TASK DETAILS -
Copy out the data that comes next, character for character, and leave the images aside.

COLLECTED MATERIAL -
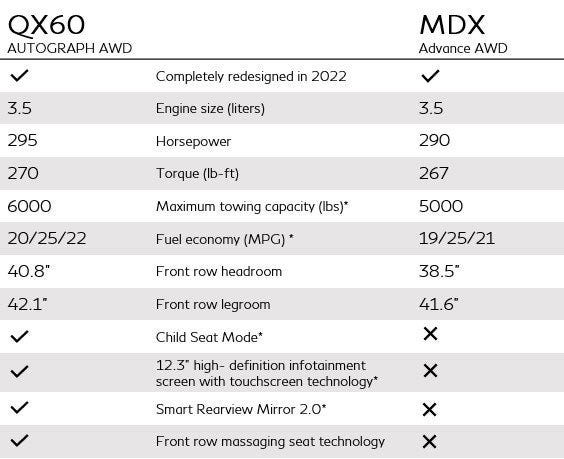 QX60 vs Acura MDX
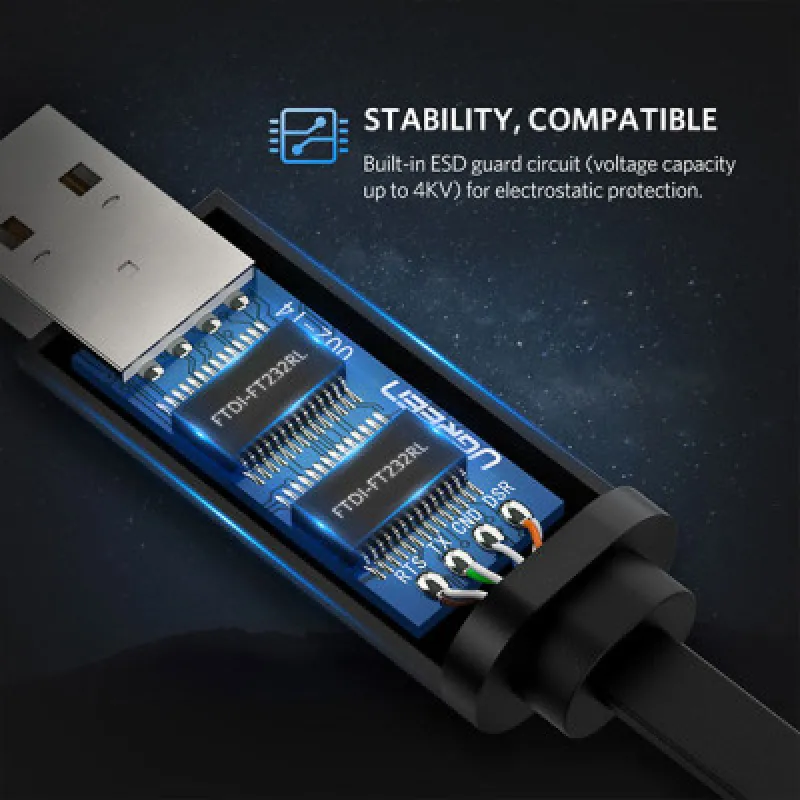 UGREEN CM204 (60813) USB-A To RJ45 Console Cable - 3M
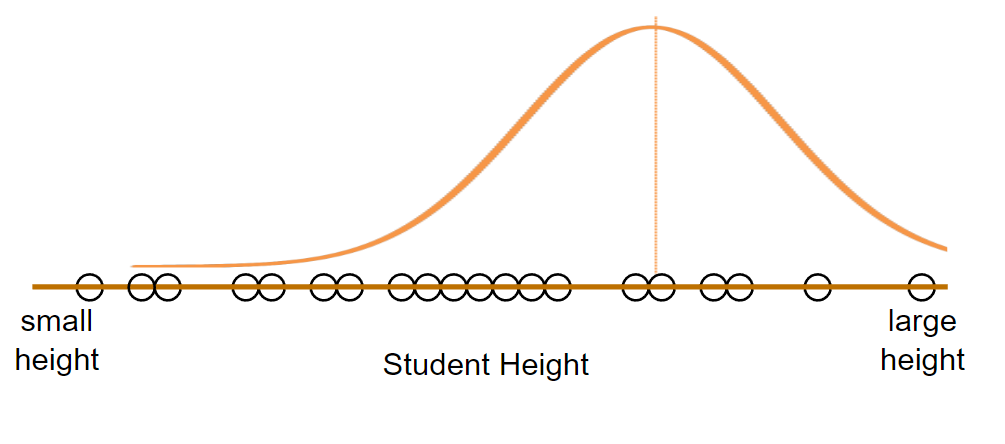 normal distribution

ANSWER TO THE EXERCISE -
 QX60 vs Acura MDX
 UGREEN CM204 (60813) USB-A To RJ45 Console Cable - 3M
 normal distribution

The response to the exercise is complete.